Asimilasi perkawinan harus disadari matang dan mendetail menuntut kemampuan asimilasi kebudayaan, yaitu; penyesuaian diri terhadap kebudayaan dan pola-pola perilaku pada suku atau etnik berbeda. Misalnya, jika seorang putera (baoa-red) Batak Toba melangsungkan perkawinan dengan puteri (boru-red) suku Sunda, sejauhmana kemampuan adaptasi budaya, adat-istiadat serta pola perilaku kedua isan sejoli yang berani melakukan asimilasi perkawinan  ditengah perbedaan budaya, adat-istiadat serta pola perilaku di kedua suku atau etnik tersebut. Demikian juga bila seorang puteri (boru-red) Batak Toba melangsungkan asimilasi perkawinan dengan putera (baoa-red) suku Nias, sejauhmana kemampuan puteri Batak Toba menyesuaikan diri dengan budaya, adat-istiadat serta pola perilaku suku Nias, atau sebaliknya, sejauhmana kemampuan adaptasi budaya, adat-istiadat serta pola perilaku putera suku Nias terhadap budaya, adat-istiadat serta pola perilaku Batak Toba pasca perkawinan campuran menjadi sangat penting diperhatikan agar harmoni hubungan kekeluargaan, kekerabatan bisa berjalan lancar dan langgeng.

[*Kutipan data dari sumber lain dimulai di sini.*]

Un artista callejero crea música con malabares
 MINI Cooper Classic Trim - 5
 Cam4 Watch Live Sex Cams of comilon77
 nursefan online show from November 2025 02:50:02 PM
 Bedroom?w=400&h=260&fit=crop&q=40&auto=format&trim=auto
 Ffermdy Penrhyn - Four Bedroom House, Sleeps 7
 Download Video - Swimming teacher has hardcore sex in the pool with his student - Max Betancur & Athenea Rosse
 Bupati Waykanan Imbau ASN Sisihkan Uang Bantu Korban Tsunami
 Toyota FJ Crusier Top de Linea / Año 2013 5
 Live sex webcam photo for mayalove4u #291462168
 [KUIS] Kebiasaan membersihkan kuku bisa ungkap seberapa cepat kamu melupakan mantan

Jika adaptasi budaya, adat-istiadat mampu dilakukan dengan baik dan benar serta saling menghormati satu sama lain maka asimilasi perkawinan atau perkawinan campuran antar suku atau etnik menjadi sangat istimewa dan luar biasa, sebab mampu mempertemukan budaya, adat-istiadat serta pola perilaku berbeda menambah khasanah pelangi kehidupan semakin indah sebagaimana dicerminkan Bhinneka Tunggal Ika dalam realitas budaya, adat-istiadat serta pola perilaku ditengah kehidupan bermasyarakat, berbangsa dan bernegara sehari-hari.

   
Konsekuensi Asimilasi Perkawinan Batak Toba.   
Perkawinan Batak Toba dilandasi falsah Dalihan Na Tolu (DNT) yaitu; somba marhula-hula, manat mardongan tubu, serta elek marboru membentuk tatanan struktur partuturan yakni; hula-hula, dongan tubu, boru adalah unsur penting yang harus dijaga, dirawat serta dilestarikan secara timbal balik. Artinya, pada struktur partuturan yang ditimbulkan proses perkawinan satu suku (sesama Batak Toba-red), khususnya pihak hula-hula dikenal beberapa tingkatan antara lain; Hula-hula (hula-hula pangalapan boru-red), Tulang (hula-hula ni Inong pangintubu/ pangolian ni Among-red), Bona Tulang (hula-hula ni Ompungboru/pangolian ni ompungdoli-red), Bona Niari (hula-hula ni Inang Mangulahi/pangolian ni Amang mangulahi-red), Tulang Rorobot (hula-hula ni hula-hula pangalapan boru-red), Hula-hula Namarhahamaranggi (hula-hula ni na ma nodohon iba, hula-hula ni na tinodohon-red), Hula-hula Naposo/Parsiat (hula-hula pangalapan boru ni anak-red), Hula-hula Simanjungkot (hula-hula pangalapan boru ni pahompu-red) dan lain-lain.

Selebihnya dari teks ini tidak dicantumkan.